Problem requirements:
Print out the entries, word for word.

(Dataset records)
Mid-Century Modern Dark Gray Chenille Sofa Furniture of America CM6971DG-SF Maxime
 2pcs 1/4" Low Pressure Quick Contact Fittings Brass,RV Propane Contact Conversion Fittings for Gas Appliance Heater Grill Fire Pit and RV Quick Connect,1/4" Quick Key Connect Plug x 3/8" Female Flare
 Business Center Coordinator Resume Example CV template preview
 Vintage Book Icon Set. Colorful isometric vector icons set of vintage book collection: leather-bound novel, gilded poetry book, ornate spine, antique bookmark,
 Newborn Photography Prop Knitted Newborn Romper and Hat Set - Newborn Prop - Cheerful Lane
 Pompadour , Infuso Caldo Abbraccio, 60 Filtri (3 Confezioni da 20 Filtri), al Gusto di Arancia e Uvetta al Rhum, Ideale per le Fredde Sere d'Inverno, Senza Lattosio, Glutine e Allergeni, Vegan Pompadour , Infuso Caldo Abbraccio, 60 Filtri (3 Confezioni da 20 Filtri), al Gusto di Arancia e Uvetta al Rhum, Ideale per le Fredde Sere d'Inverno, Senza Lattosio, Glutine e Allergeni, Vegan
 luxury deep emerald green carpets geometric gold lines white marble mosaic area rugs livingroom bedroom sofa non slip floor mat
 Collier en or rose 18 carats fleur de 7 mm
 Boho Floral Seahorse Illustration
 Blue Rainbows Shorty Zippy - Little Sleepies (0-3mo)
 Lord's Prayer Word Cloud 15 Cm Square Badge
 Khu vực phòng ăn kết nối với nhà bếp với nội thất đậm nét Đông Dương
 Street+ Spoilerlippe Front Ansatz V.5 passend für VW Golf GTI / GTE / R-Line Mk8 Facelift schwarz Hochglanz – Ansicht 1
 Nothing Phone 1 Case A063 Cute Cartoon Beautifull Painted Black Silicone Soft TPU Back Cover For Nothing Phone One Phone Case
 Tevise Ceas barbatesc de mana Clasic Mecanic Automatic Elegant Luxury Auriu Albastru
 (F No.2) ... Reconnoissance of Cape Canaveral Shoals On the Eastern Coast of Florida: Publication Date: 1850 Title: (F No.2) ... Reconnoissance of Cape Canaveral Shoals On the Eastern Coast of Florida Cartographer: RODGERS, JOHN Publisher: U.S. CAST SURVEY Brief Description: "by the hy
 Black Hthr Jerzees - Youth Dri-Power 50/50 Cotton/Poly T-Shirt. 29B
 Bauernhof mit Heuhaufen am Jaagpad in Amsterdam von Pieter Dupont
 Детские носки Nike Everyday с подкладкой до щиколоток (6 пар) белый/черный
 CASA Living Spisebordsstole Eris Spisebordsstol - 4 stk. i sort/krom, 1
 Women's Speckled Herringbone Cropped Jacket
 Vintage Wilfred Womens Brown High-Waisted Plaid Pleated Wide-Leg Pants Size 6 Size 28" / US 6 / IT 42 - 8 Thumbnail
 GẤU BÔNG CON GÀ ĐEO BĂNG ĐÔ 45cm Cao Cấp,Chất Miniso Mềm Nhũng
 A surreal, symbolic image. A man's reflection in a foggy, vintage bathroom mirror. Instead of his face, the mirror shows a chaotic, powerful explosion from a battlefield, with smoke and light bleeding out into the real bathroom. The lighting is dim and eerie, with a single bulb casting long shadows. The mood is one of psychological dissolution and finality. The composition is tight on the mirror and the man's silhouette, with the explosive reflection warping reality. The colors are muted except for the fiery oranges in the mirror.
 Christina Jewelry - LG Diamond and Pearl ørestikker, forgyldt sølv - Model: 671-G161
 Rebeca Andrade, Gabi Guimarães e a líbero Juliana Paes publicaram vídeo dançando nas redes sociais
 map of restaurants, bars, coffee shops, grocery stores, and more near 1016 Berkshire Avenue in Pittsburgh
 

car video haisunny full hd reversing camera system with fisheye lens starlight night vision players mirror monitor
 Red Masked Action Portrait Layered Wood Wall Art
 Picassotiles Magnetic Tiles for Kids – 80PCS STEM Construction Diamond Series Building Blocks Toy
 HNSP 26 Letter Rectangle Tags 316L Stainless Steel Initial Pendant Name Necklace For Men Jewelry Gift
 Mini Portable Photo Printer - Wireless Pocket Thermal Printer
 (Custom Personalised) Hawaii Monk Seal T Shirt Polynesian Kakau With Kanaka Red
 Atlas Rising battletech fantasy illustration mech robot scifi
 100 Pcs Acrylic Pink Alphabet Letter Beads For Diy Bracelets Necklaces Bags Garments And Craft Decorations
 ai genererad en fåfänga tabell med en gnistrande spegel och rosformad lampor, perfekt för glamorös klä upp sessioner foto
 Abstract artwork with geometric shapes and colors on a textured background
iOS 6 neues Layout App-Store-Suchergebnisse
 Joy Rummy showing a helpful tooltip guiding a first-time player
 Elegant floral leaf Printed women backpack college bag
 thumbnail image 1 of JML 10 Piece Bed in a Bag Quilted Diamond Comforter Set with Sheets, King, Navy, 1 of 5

Response to the task:
Mid-Century Modern Dark Gray Chenille Sofa Furniture of America CM6971DG-SF Maxime
 2pcs 1/4" Low Pressure Quick Contact Fittings Brass,RV Propane Contact Conversion Fittings for Gas Appliance Heater Grill Fire Pit and RV Quick Connect,1/4" Quick Key Connect Plug x 3/8" Female Flare
 Business Center Coordinator Resume Example CV template preview
 Vintage Book Icon Set. Colorful isometric vector icons set of vintage book collection: leather-bound novel, gilded poetry book, ornate spine, antique bookmark,
 Newborn Photography Prop Knitted Newborn Romper and Hat Set - Newborn Prop - Cheerful Lane
 Pompadour , Infuso Caldo Abbraccio, 60 Filtri (3 Confezioni da 20 Filtri), al Gusto di Arancia e Uvetta al Rhum, Ideale per le Fredde Sere d'Inverno, Senza Lattosio, Glutine e Allergeni, Vegan Pompadour , Infuso Caldo Abbraccio, 60 Filtri (3 Confezioni da 20 Filtri), al Gusto di Arancia e Uvetta al Rhum, Ideale per le Fredde Sere d'Inverno, Senza Lattosio, Glutine e Allergeni, Vegan
 luxury deep emerald green carpets geometric gold lines white marble mosaic area rugs livingroom bedroom sofa non slip floor mat
 Collier en or rose 18 carats fleur de 7 mm
 Boho Floral Seahorse Illustration
 Blue Rainbows Shorty Zippy - Little Sleepies (0-3mo)
 Lord's Prayer Word Cloud 15 Cm Square Badge
 Khu vực phòng ăn kết nối với nhà bếp với nội thất đậm nét Đông Dương
 Street+ Spoilerlippe Front Ansatz V.5 passend für VW Golf GTI / GTE / R-Line Mk8 Facelift schwarz Hochglanz – Ansicht 1
 Nothing Phone 1 Case A063 Cute Cartoon Beautifull Painted Black Silicone Soft TPU Back Cover For Nothing Phone One Phone Case
 Tevise Ceas barbatesc de mana Clasic Mecanic Automatic Elegant Luxury Auriu Albastru
 (F No.2) ... Reconnoissance of Cape Canaveral Shoals On the Eastern Coast of Florida: Publication Date: 1850 Title: (F No.2) ... Reconnoissance of Cape Canaveral Shoals On the Eastern Coast of Florida Cartographer: RODGERS, JOHN Publisher: U.S. CAST SURVEY Brief Description: "by the hy
 Black Hthr Jerzees - Youth Dri-Power 50/50 Cotton/Poly T-Shirt. 29B
 Bauernhof mit Heuhaufen am Jaagpad in Amsterdam von Pieter Dupont
 Детские носки Nike Everyday с подкладкой до щиколоток (6 пар) белый/черный
 CASA Living Spisebordsstole Eris Spisebordsstol - 4 stk. i sort/krom, 1
 Women's Speckled Herringbone Cropped Jacket
 Vintage Wilfred Womens Brown High-Waisted Plaid Pleated Wide-Leg Pants Size 6 Size 28" / US 6 / IT 42 - 8 Thumbnail
 GẤU BÔNG CON GÀ ĐEO BĂNG ĐÔ 45cm Cao Cấp,Chất Miniso Mềm Nhũng
 A surreal, symbolic image. A man's reflection in a foggy, vintage bathroom mirror. Instead of his face, the mirror shows a chaotic, powerful explosion from a battlefield, with smoke and light bleeding out into the real bathroom. The lighting is dim and eerie, with a single bulb casting long shadows. The mood is one of psychological dissolution and finality. The composition is tight on the mirror and the man's silhouette, with the explosive reflection warping reality. The colors are muted except for the fiery oranges in the mirror.
 Christina Jewelry - LG Diamond and Pearl ørestikker, forgyldt sølv - Model: 671-G161
 Rebeca Andrade, Gabi Guimarães e a líbero Juliana Paes publicaram vídeo dançando nas redes sociais
 map of restaurants, bars, coffee shops, grocery stores, and more near 1016 Berkshire Avenue in Pittsburgh
 

car video haisunny full hd reversing camera system with fisheye lens starlight night vision players mirror monitor
 Red Masked Action Portrait Layered Wood Wall Art
 Picassotiles Magnetic Tiles for Kids – 80PCS STEM Construction Diamond Series Building Blocks Toy
 HNSP 26 Letter Rectangle Tags 316L Stainless Steel Initial Pendant Name Necklace For Men Jewelry Gift
 Mini Portable Photo Printer - Wireless Pocket Thermal Printer
 (Custom Personalised) Hawaii Monk Seal T Shirt Polynesian Kakau With Kanaka Red
 Atlas Rising battletech fantasy illustration mech robot scifi
 100 Pcs Acrylic Pink Alphabet Letter Beads For Diy Bracelets Necklaces Bags Garments And Craft Decorations
 ai genererad en fåfänga tabell med en gnistrande spegel och rosformad lampor, perfekt för glamorös klä upp sessioner foto
 Abstract artwork with geometric shapes and colors on a textured background
iOS 6 neues Layout App-Store-Suchergebnisse
 Joy Rummy showing a helpful tooltip guiding a first-time player
 Elegant floral leaf Printed women backpack college bag
 thumbnail image 1 of JML 10 Piece Bed in a Bag Quilted Diamond Comforter Set with Sheets, King, Navy, 1 of 5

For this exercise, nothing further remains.